Yes @ Yves Le Marseillais, I was at this site just earlier this morning and am much intrigued by the Pierre Madenié.....



Charm and old lines of old tarots may help us to enter in symphaty with their sense no ?


Yes, but that is true for the GENUINE Noblet such as we can see it here :


In the Flornoy's deck which looks neither old nor new, the horses particularly remind me some
child's toys. There is less quirkiness in the original.
Recreations are not necessarily successful.

Rose Lalonde

Unless I'm mistaken, the Noblet is the oldest deck to be labeled a TdM. That's enough to make it of interest to many people. And as has been said above, it has unique details. The books that suggest studying/reading with it have certainly helped, but I imagine people will have an interest in the oldest and the unusual. I'm glad Flornoy left us with a Noblet we can hold in our hands.

I find it very readable. I also love the smaller size. Given what little I know, I like Flornoy's choices (excepting Le Chariot). But I don't care for Noblet's flat expressions and small faces, which can give readings a less than warm feel to me.

Because of that, I switched to the Pierre Madenié for most readings. Everyone has their own preferences, and to me it's just beautiful. Plus the expressions are my favorite of any TdM I've seen. They're sort of similar to the kind expressions the CBD got by altering Conver's faces.


To the OP...

I cant give you detailed historical 'stuff' on why I love the Noblet.. but here are my reasons.
1) the size.. its so rare to find a perfectly formed small deck that isn't just a larger deck with the image squished into size. Its a perfect size for me.

2) The fact its the only TdM that I actually like and enjoy a lot rather than just the historical decks I have for interest and comparison.

3) There is something really personable and cheeky about the deck - yes the figures can look a bit odd and the horses from a funny angle... but I find it that is gives the images and figures more character and more expression than just a mere woodcut that's perfectly formed. I don't really like CGI decks that are all shading and fake light - I prefer real art, and for a while the woodcut press was the 'real art' of the working man. Its part of history, of human history, and not just of the super rich who could commission decks like the Visconti's of Italy.

4) The colours, the patterns, the way the leaves and flowers are.... they all hold so much more imagery and flow to a reading than just a mere pip card - yes this is true to all TdM, but I like the Noblets the most.

So, theres some Noblet gushing for you.. if its not for you then that's fair enough.
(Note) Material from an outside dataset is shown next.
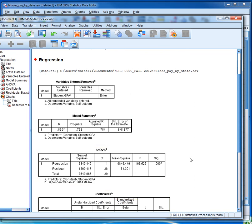The model summary table includes the correlation between the two variables, which in our case is 0.89, a very high correlation, and also the coefficient of determination.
Plenty of decks out there. But I find my Noblet to be cheeky, lovable and more interactive than other TdM. My Dodal I have but I don't 'enjoy' it as much as my Noblet and I have mostly used it for TdM circles.

Rose Lalonde

3) There is something really personable and cheeky about the deck...

Agreed! I get the feeling Noblet was a pretty charismatic guy. There's also a confidence in his choice of straight, bold lines in a lot of places... I can't really explain it well, but I can see it, especially in the pips. It would still be my go to deck if not for having fallen hard for the (admittedly very different) Madenié.


Now I do really like the pips in the Noblet that I will say. I do really like the size. I love the back pattern. What books are out there may I ask that suggest studying/reading @Rose Lalonde with this particular deck? Again Im still banking it may grow in me. Other decks in the past..


Any reviews on the Jean Michel David book?


J-M. David's Reading the Marseille Tarot is illustrated primarily with the Flornoy Noblet, although it contains comparisons with other decks and is intended to be an adjunct to all Marseille-type decks. It is the best book I have ever read on Tarot iconography.

Here is a thread about it.


Is there any place where you can look inside this book? Amazon like?